Raw data ::
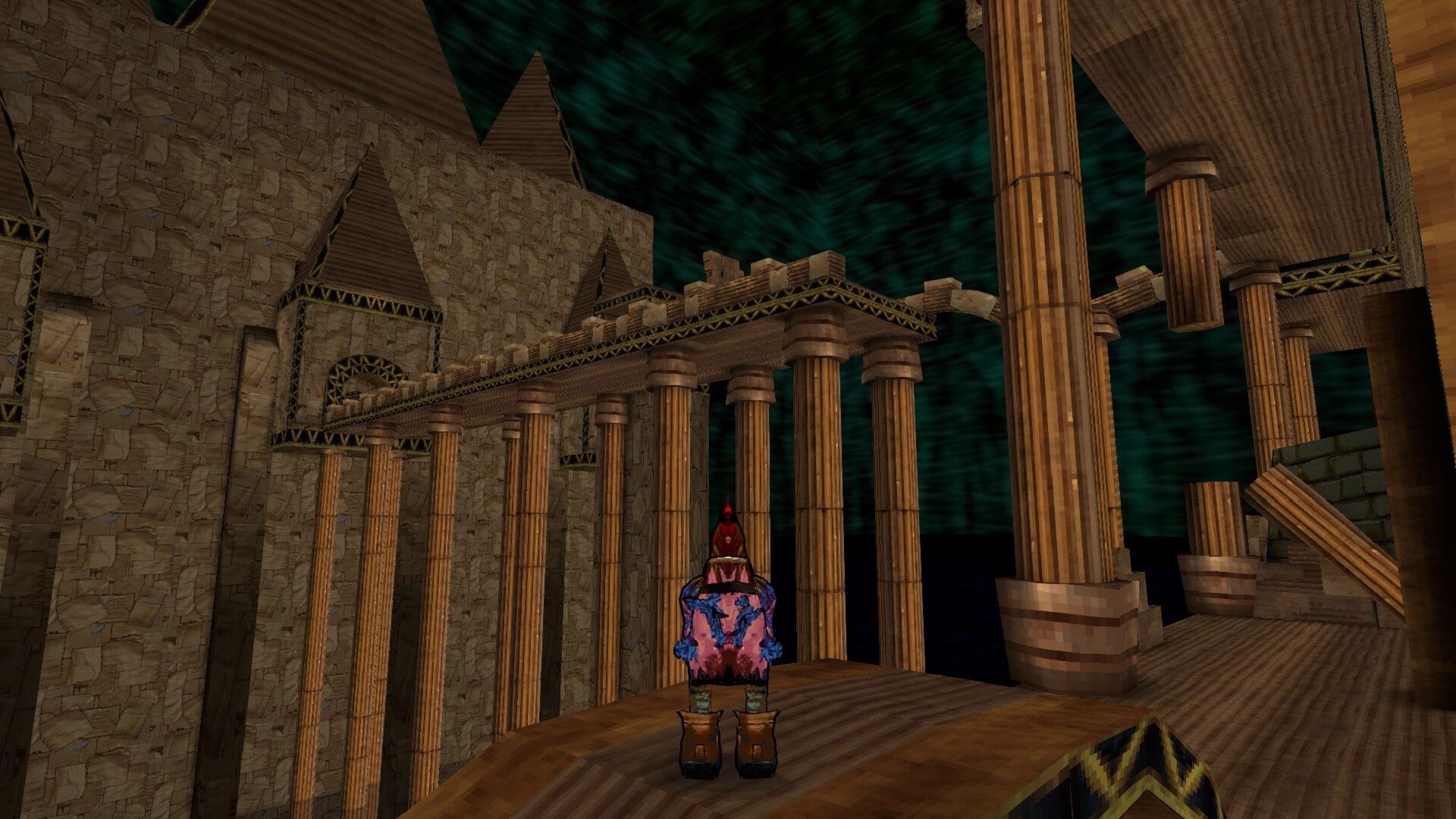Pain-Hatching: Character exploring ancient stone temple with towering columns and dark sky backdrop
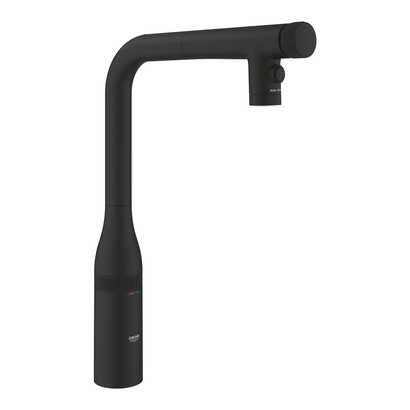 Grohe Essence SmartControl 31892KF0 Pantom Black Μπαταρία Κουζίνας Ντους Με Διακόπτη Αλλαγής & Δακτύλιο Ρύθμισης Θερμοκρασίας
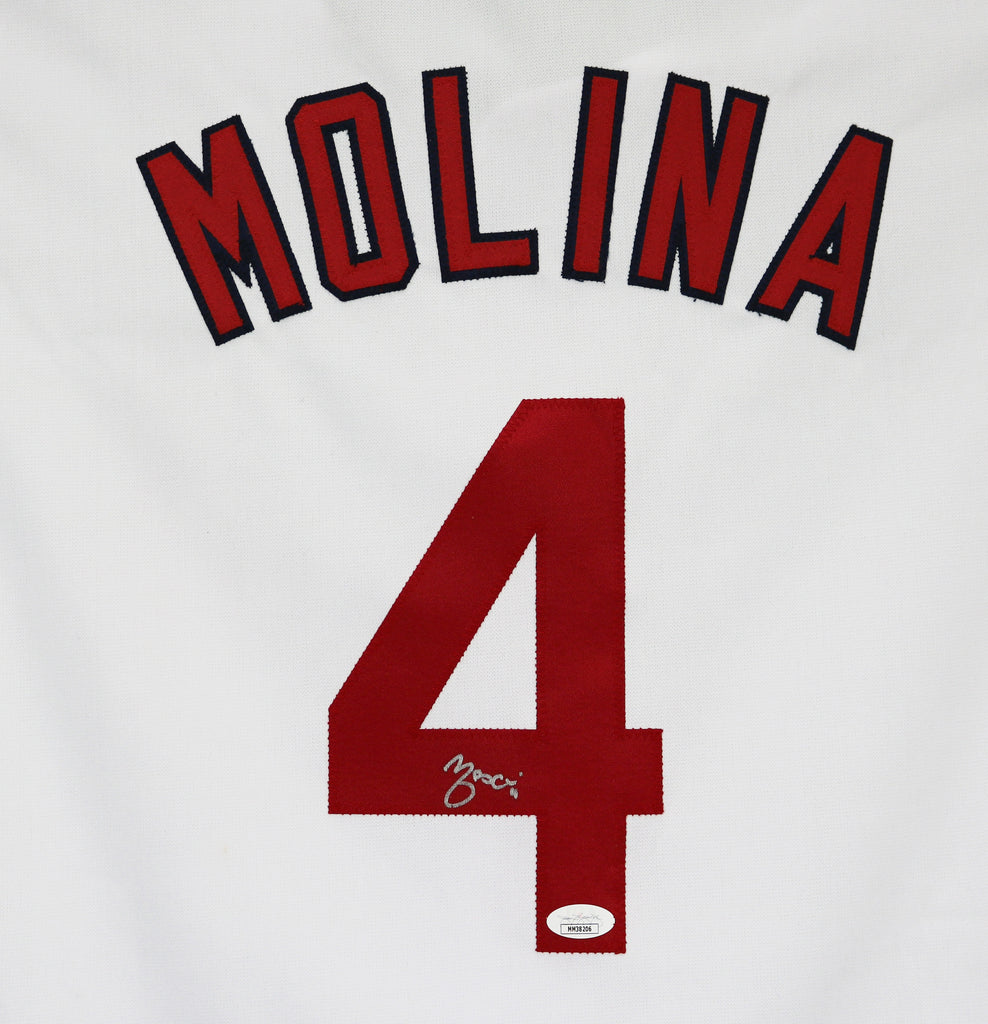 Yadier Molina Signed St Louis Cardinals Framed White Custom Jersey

What to produce ::
Send back the data above word for word, with the pictures left out.

Output for this task ::
Pain-Hatching: Character exploring ancient stone temple with towering columns and dark sky backdrop
 Grohe Essence SmartControl 31892KF0 Pantom Black Μπαταρία Κουζίνας Ντους Με Διακόπτη Αλλαγής & Δακτύλιο Ρύθμισης Θερμοκρασίας
 Yadier Molina Signed St Louis Cardinals Framed White Custom Jersey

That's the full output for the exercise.